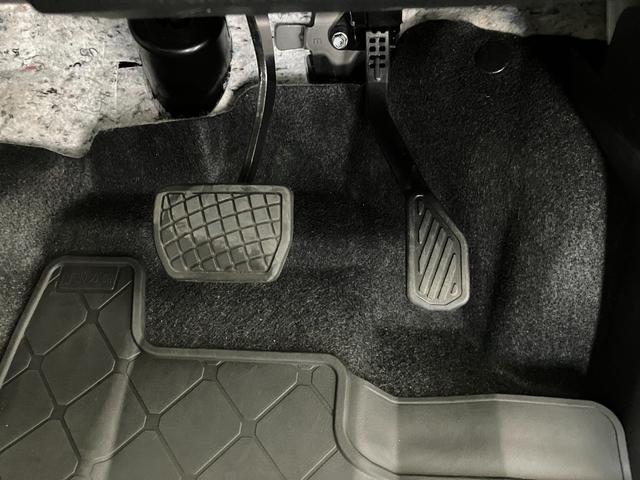 タントX  オーディオレス/左側パワースライドドアワンオーナー オーディオレス バックモニター対応カメラ 電動パーキングブレーキ オートブレーキホールド 左側パワースライドドア LEDヘッドランプ オートライト オートマチックハイビーム スマアシ(香川県)の中古車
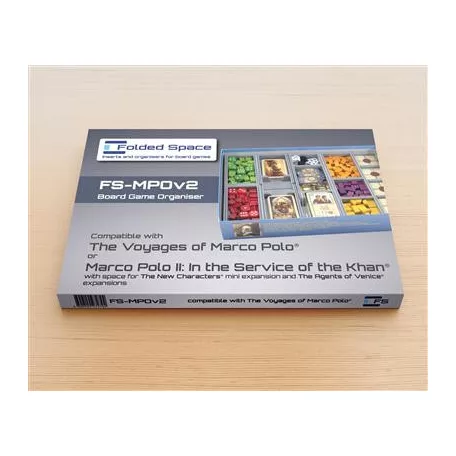 The Voyages of Marco Polo Insert V2-FS-MPOv2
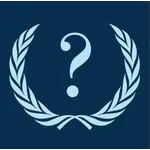 Human Rights Council 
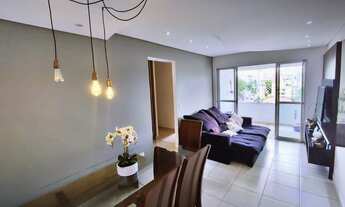 Imagem: APARTAMENTO 03 QUARTOS COM LAZER BAIRRO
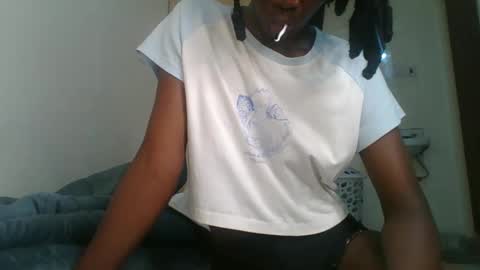 Daddys love online show from February 8, 2026, 9:18 pm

TASK REQUIREMENTS -> When you retype the material above, copy each line exactly and drop whatever images appear in it.

SOLUTION FOR THIS TASK ->
 タントX  オーディオレス/左側パワースライドドアワンオーナー オーディオレス バックモニター対応カメラ 電動パーキングブレーキ オートブレーキホールド 左側パワースライドドア LEDヘッドランプ オートライト オートマチックハイビーム スマアシ(香川県)の中古車
 The Voyages of Marco Polo Insert V2-FS-MPOv2
 Human Rights Council 
 Imagem: APARTAMENTO 03 QUARTOS COM LAZER BAIRRO
 Daddys love online show from February 8, 2026, 9:18 pm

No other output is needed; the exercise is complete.